In general, if you want to apply to highly competitive colleges, your best course advice in high school is to take the more challenging options. Not only will challenging academic courses help you with admission, but they will also prepare you to succeed in college.

Word of Caution

Although you will apply to college in the fall of your senior year, before any grades are in, all college applications ask you to list your senior schedule. They care what you take. Colleges want to see the same person show up for all four years. In other words, they don’t want to see an otherwise serious student turn into a slacker. Don’t ease off and stop taking challenging academic classes your senior year.

Local Students

I’m going to speak to my local students for a minute— I see a number of my local students making the same scheduling mistake. Don’t take two off-periods your senior year and expected to be seen as a serious student.

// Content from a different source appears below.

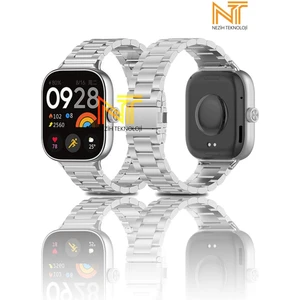 Xiaomi Redmi Watch 4 / 5 / Mi Band 8 Pro Uyumlu Ayarlanabilir Paslanmaz Çelik Metal Baklalı Kordon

Yes, you might get into the state universities if you already qualify for automatic admission based on rank, but an easy senior schedule won’t help if you undergo review or apply to any of the more challenging schools. When you have been taking seven periods each year and show up as a senior taking only five (the minimum for the state to recognize you as a full-time student) you are telling colleges that you are tired of learning. You did the minimum and aren’t interested in doing more.

I’m not opposed to one off period or a study hall period. But just because your school will let you take two period off doesn’t mean you should. (Your school gets paid the same whether you take five periods or seven; which one seems like the better deal for them?!)

Conclusion

Colleges may list a minimum course requirement for entering high school students, but often those lists are based on the graduation requirements at many high schools. In reality, more competitive applicants will go beyond minimum requirements and take four years (or more) of English, math, science, and history. You can distinguish yourself (and prepare to succeed in college) by going beyond the minimum graduation requirements.